An acquaintance recently quizzed me about whether planar tracking could be used for flexible, organic subjects. The short answer is “yes, I do it all the time,” but I thought a little case study might help to clarify the matter.
Here is a frame from an upcoming episode of Teen Wolf, with some mocha shapes indicated:
The red splines are the shapes I drew for tracking. Each one isolates a quasi-planar surface that has its own motion. The blue lines indicate where the resulting tracking points will fall—one at each corner. The wrist is far too elastic to get a reliable track, but that doesn’t matter because the grid warp that I create will be able to smooth out the transition from the hand to the forearm.
I exported all three tracking regions to Eyeon Fusion as individual trackers. Each tracker node has four tracking points inside it, ready to be used for corner-pinning. Frequently, a corner-pin is exactly what you’d want from Mocha tracking data. In this case, though, the goal was to put some CG veins on the back of the hand and running up the forearm. While it would be possible to use the trackers to individually control three different vein networks and use some manual warping to merge them together, that’s a really labor-intensive approach.

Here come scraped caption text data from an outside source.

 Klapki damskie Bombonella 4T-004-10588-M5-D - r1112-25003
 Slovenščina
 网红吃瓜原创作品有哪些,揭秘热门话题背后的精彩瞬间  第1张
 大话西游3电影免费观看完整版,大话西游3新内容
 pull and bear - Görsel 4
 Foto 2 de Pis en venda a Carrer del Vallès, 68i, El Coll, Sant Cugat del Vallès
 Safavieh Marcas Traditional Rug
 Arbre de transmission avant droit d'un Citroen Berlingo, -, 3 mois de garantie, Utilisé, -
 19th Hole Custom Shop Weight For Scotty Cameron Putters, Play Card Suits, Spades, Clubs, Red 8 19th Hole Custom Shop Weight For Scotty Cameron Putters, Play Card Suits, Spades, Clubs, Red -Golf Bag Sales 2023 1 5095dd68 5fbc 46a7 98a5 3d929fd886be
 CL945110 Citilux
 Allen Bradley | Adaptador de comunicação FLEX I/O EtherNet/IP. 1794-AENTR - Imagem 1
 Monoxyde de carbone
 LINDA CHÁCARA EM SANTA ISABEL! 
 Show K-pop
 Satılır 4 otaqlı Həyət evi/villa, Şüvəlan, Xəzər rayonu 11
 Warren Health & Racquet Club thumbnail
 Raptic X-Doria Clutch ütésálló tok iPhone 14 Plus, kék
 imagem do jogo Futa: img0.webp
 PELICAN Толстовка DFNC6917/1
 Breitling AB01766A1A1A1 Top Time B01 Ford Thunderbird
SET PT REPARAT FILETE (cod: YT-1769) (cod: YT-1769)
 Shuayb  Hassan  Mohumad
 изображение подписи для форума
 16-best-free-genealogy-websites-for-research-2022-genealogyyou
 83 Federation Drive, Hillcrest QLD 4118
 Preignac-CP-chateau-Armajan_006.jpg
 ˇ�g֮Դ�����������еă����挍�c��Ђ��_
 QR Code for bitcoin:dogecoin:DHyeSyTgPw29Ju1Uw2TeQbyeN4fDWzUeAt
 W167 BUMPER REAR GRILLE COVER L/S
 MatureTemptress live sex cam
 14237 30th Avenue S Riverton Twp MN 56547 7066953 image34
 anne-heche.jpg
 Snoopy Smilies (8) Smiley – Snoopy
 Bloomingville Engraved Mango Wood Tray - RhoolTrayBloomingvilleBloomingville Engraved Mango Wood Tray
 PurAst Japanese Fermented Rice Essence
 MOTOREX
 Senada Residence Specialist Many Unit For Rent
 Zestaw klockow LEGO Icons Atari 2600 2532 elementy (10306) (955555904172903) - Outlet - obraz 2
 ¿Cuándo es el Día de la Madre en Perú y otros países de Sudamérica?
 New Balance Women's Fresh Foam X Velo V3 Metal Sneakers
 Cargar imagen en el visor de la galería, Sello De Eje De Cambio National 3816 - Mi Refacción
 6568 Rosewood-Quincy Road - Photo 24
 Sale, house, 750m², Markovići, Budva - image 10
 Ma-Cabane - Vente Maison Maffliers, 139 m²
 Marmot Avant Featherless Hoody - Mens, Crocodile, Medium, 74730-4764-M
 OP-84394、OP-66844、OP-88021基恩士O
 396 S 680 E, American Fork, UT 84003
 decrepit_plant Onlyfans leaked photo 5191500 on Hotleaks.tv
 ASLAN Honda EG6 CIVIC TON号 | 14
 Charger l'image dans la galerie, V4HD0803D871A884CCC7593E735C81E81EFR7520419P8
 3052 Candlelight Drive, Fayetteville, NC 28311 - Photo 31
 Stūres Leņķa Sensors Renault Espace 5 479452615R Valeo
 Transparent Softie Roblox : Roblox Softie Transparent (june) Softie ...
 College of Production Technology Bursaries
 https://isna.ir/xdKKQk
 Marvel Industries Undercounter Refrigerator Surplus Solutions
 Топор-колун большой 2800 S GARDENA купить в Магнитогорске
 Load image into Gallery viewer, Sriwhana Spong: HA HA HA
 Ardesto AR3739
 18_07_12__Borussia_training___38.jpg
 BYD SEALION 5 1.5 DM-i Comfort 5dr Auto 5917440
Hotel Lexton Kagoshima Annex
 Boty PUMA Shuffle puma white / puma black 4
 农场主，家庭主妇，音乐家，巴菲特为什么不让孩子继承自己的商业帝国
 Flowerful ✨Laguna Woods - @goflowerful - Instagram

What I really wanted was a way to use a single vein network image that could be warped across the wrist and follow the motion naturally with little additional work.
Here’s a look at how I set it up in Fusion:
Starting with a simple 2 x 2 grid warp, I published each of the points (select a point and Shift-P to publish it) one at a time, so that I would know in what order I needed to connect the trackers. Publishing the points allows you to use them in expressions or attach them to other points. In this case, each of the points in the grid warp was attached to one of the trackers from Mocha.
By the way, there was one point at the top of the forearm that did not have a suitable Mocha tracking point available. I gave that one an expression to place it halfway between the other two points at the top of the forearm. This is the midpoint formula: (x1 + x2) / 2, (y1 + y2) / 2.
The resulting grid warp enables us to draw the vein network in full resolution, and it is mapped onto the hand as though it were a texture. The above image, of course, just has a checkerboard that I used to set the system up and check the track. The next step would be to adjust the source grid in order to fix the stretching the checkerboard.
So hopefully that clarifies one way in which a planar tracker like Mocha can be used to track organic subjects and even account for flexion. I have also used it to track blinking eyes and mouth shapes. Although it’s called “planar tracking,” it really does work for a large number of cases with curved or organic surfaces.